Our recent study using endogenously expressed GFP-tagged EGFR allowed the demonstration that low concentrations of EGFR ligands are sufficient to drive EGFR-dependent growth of mouse tumor xenografts and that EGFR endocytosis in tumors in vivo is clathrin-mediated (Pinilla-Macua et al., 2017). These results inspired us to develop a more sophisticated endocytosis assay that would allow a quantitative analysis of the receptor traffic under physiological conditions. To implement this, we used CRISPR/Cas9 gene-editing to generate a new functional fusion protein of endogenous EGFR that can be used in an endocytosis assay that reports the pH difference between extracellular and endosomal pH. We took advantage of a pH-sensitive, membrane-impermeant tandem dye MG-Bis-SA that becomes fluorescent only when bound to the fluorogen activating protein (FAP) and whose dual fluorescence excitation results in pH-dependent far-red ratiometric emission (Perkins et al., 2018b).
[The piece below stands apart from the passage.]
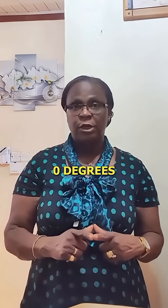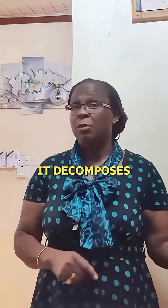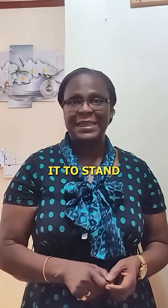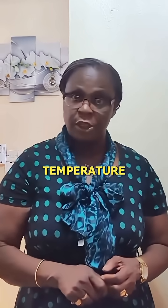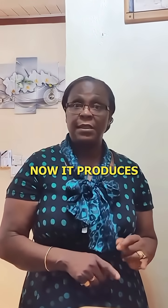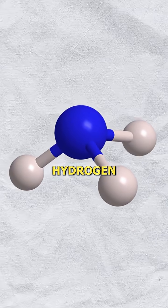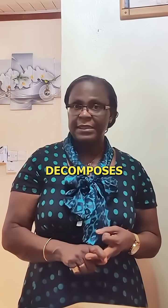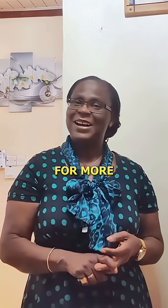It is unstable above zero degrees and therefore decomposes completely within a short while if you allow it to stand at room temperature. It produces ammonia, hydrogen, and eventually mercury when it decomposes. Follow me for more chemistry content.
In the latter study, the effectiveness of MG-Bis-SA for studying endocytosis and recycling of FAP-tagged β2-adrenergic receptor (B2AR) overexpressed in HEK293 cells at single-endosome level was demonstrated. We have previously developed FAP-tagged antibodies and nanobodies to EGFR to study its expression and endocytosis in cells with high receptor levels (Ackerman et al., 2018; Tan et al., 2017; Wang et al., 2017; Wang et al., 2015). However, combining the MG-Bis-SA/FAP-based methodology and cells expressing endogenous EGFR with FAP at the amino-terminus allowed the development of an experimental model system that is amenable to a simple and highly sensitive single-cell readout, although in a high-throughput assay format, such that we can monitor and measure constitutive or ligand-induced EGFR endocytosis under physiological conditions, for example using low EGFR ligand concentrations.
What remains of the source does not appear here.